USDA Still Considers Canada a Minimal Risk Region

Canada's latest find of mad cow disease in an 8-year-old cow will have little effect on USDA's recently announced rule unless Congress intervenes. Jacqui Fatka

Published on: Jan 3, 2005

Canadian officials confirmed late Sunday night another case of bovine spongiform encephalopathy. The confirmation came days after USDA announced a long-anticipated rule to reopen the border to live cattle.

The rule in essence characterizes Canada as a minimal-risk region for BSE. Canada, similar to the U.S., has taken precautionary measures to protect the human and animal food chain from spreading the disease. The first and most important was the ruminant to ruminant feed ban instituted in 1997. In addition both countries remove specified risk materials (SRM).

A statement from the USDA explains that the extensive risk assessment conducted as part of USDA's rulemaking process took into careful consideration the possibility that Canada could experience additional cases of BSE. Several consumer and farmer groups are calling for USDA to reevaluate the rule with Canada's new finding including R-CALF and the National Farmers Union.

"According to the World Organization for Animal Health (OIE) guidelines, a country may be considered a BSE minimal-risk country if it has less than 2 cases per million cattle over 24 months of age during each of the previous 4 consecutive years," the USDA statement says. "Considering Canada has roughly 5.5 million cattle over 24 months of age, under OIE guidelines, they could detect up to 11 cases of BSE in this population and still be considered a minimal-risk country, as long as their risk mitigation measures and other preventative measures were effective."

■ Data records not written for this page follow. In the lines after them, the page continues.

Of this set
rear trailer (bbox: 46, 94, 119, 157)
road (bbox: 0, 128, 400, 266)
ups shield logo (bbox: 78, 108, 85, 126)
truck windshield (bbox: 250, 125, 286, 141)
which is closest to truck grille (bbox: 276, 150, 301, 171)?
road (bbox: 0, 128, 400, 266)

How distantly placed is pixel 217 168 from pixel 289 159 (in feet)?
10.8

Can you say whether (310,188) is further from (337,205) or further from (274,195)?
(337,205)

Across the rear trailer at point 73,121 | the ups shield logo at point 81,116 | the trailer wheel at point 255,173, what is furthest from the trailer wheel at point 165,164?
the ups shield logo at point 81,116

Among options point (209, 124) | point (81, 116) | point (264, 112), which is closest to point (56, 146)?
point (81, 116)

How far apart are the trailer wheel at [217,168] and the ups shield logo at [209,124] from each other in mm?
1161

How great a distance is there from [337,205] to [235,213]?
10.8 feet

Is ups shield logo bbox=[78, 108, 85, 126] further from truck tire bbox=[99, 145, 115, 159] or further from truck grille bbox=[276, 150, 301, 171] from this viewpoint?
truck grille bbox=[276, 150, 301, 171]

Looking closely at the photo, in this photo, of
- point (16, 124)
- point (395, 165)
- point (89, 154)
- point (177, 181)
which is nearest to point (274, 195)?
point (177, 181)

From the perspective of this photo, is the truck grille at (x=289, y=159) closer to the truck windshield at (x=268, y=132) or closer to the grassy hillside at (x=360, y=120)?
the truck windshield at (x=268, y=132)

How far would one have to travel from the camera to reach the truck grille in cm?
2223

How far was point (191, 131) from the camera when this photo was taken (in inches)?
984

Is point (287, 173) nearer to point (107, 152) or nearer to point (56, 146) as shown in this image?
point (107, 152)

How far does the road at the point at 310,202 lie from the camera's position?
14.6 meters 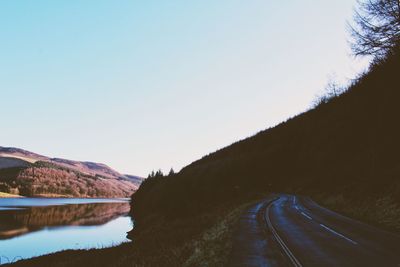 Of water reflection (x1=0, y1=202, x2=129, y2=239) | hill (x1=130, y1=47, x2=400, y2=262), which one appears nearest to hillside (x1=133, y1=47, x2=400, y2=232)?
hill (x1=130, y1=47, x2=400, y2=262)

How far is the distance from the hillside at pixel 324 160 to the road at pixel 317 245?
10.8 feet

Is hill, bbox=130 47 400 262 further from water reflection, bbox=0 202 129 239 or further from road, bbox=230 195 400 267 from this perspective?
water reflection, bbox=0 202 129 239

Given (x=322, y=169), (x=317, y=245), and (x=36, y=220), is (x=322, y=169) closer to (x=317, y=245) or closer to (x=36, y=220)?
(x=317, y=245)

The Canadian Food Inspection Agency is currently undergoing an investigation of the 8-year-old Alberta dairy cow found to have BSE. The traceback and trace forward measures have already identified the farm of origin, which has nearly 200 cattle. The animal left the birth farm and resided on one other farm prior to being discovered on a third farm when showing clinical signs of the disease.

To date, no animals have been slaughtered. Canadian officials expect fewer animals to be slaughtered in this investigation compared to the May 2003 case due to improved identification methods and records kept at the farm of origin. The agency is attempting to identify other potential birth cohorts from the farm of origin and two offspring of the cow.